Data for this task ::
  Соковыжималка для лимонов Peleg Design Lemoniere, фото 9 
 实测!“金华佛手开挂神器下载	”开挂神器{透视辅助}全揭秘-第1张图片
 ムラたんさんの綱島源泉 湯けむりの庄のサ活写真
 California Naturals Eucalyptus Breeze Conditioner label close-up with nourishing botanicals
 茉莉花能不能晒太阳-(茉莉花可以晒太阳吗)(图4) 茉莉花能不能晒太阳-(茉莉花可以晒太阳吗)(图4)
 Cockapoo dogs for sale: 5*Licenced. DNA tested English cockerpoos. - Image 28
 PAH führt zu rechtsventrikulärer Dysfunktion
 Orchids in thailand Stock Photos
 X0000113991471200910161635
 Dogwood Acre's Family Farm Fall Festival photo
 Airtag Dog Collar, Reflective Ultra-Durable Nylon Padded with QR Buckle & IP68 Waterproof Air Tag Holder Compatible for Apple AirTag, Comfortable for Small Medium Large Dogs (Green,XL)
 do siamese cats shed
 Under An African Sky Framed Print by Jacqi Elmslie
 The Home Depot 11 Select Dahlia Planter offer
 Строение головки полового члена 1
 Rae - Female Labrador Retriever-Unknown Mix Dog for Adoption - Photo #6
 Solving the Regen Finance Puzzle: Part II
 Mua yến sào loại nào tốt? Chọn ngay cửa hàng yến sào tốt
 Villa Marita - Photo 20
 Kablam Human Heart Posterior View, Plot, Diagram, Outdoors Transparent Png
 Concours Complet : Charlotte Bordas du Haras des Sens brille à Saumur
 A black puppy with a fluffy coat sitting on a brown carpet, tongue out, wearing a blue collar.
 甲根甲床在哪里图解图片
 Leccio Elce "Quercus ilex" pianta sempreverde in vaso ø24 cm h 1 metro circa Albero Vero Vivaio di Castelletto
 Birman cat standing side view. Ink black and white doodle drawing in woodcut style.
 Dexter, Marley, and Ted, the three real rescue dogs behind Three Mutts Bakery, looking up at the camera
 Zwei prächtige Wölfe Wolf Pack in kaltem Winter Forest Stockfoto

Try it ::
Set down precisely the lines above between the line holding "ムラたんさんの綱島源泉 湯けむりの庄のサ活写真" and the line holding "PAH führt zu rechtsventrikulärer Dysfunktion", inclusive, and nothing beyond them.

Answer to the exercise ::
 ムラたんさんの綱島源泉 湯けむりの庄のサ活写真
 California Naturals Eucalyptus Breeze Conditioner label close-up with nourishing botanicals
 茉莉花能不能晒太阳-(茉莉花可以晒太阳吗)(图4) 茉莉花能不能晒太阳-(茉莉花可以晒太阳吗)(图4)
 Cockapoo dogs for sale: 5*Licenced. DNA tested English cockerpoos. - Image 28
 PAH führt zu rechtsventrikulärer Dysfunktion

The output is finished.